Let’s touch on some more common upcharges. Expedite. What is an expedite? That depends. When I started, a “regular” was 2 weeks. Anything quicker was some kind of expedite. Of course the rule follows: The faster they want it, the more they should pay. Nowadays, agencies are pushing people to make 7 or 5 days the regular. In my mind, this is much too short, and it devalues the worth of an expedite. It’s what people who play strategy games would call “a stupid move.” That said, if you can get your work out faster than “regular”, that adds value.

Daily. What’s a daily? You take the job, go home, transcribe, and the job is done by the next day. If you can do a daily, again, there’s value there. Not every single stenographer or transcriber can fulfill a daily. Indeed, to fulfill a daily, multiple transcriptionists have to be put on the same job sometimes. If you can do a daily, you can probably make a thousand or more dollars in a day without being realtime because daily jobs can be worth double a regular in freelance.

Immediate. Immediate is basically you finish the deposition and within 30 minutes to an hour it is ready to go out. The bottom line is the client is getting the transcript pretty quick after the deposition ends. Only the best reporters with 99.9 percent accuracy or a phenomenal scopist behind them can achieve these kinds of levels.

Rough. Rough is basically you go through the untranslates and fix up the transcript before sending it out with the understanding the finished transcript comes later. A rough can be a dollar or more per page in upcharges because it’s basically like an easier immediate. Proceed with caution: Many reporters go out there and produce roughs that are basically unusable. Some of my own roughs have been pretty bad. Always seek to improve and get out the best roughs so that lawyers are encouraged to use this service.

Realtime. Maybe you’ve heard of realtime reporting. It’s among the largest upcharges because these reporters have their words coming out on a laptop or tablet screen for the client. I haven’t personally done realtime, but I know that these reporters can command a dollar or more per realtime hookup on top of their daily, medical, or other upcharges. Why are these upcharges important? More money per page equals fewer pages to make the annual income you want to make. We’ve got over 900 mathematical calculations to show this off.
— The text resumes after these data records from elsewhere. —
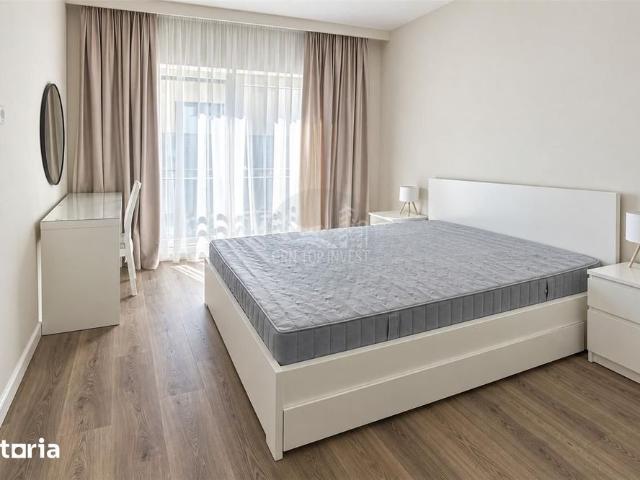 Apartament închirieri în Brasov, Sibiu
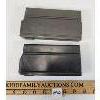 Image 2 : LOT OF 2 - M14 MAGS
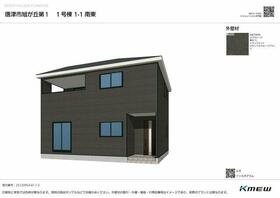 佐賀県唐津市旭が丘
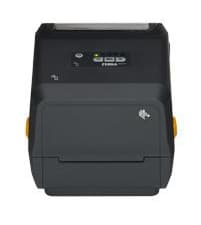Impresoras de Etiquetas ZEBRA ZD421T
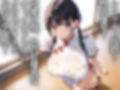 淫乱学園〜クラスのチャイナドレスJKと種付け学園祭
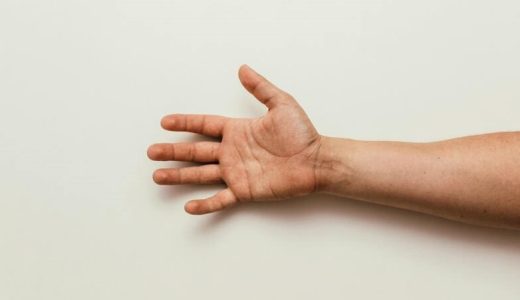 巨根はセフレが作りやすい？デカマラ好き女子がラクラク釣れるおすすめアプリを14個紹介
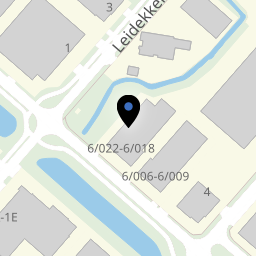 Appartement SNE00 H 1172 31
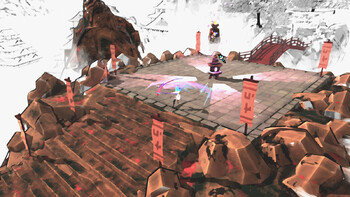 Screenshot2
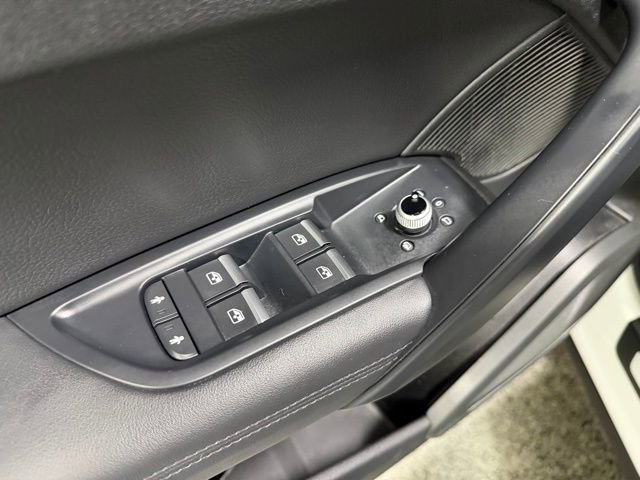 Used 2019 Audi Q5 Prestige w/ Prestige Package image 20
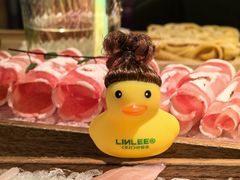 -九鼎轩脆毛肚火锅(三钢里店)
Now that we’ve been through these different levels of skill, let’s look at how it’ll apply in the real world. Certifications exist, and they are important. That said, in many states and municipalities you can offer these services without the certification. What does this mean? It means that the limiting factor is you. It’s your skill and comfort level. It’s your willingness to go out there and say yes, I will take a medical. It’s the desire to get your skill level to a place where you can realistically offer these things. Your value, to a great degree, is dictated by you.

You will go out there and have bad jobs. There will be hard days. There will be times you feel shaky about the service you’re providing. There will be “employers” who make you feel replaceable. Just keep improving. Know where you are at. Be open to feedback, but don’t live by it. Learn from every mistake. If you are in training and know you are able to produce a daily transcript already — great! Don’t let anybody take that away from you. Don’t accept, as fact, that anybody can do it or that nobody charges for that. The freelance world — the business world — is a tough one. There are buyers and sellers, and the buyers will always be looking for a way to knock you down on the price. Remember these gradients in value, and remember that the more of them you achieve, the more you have something to sell.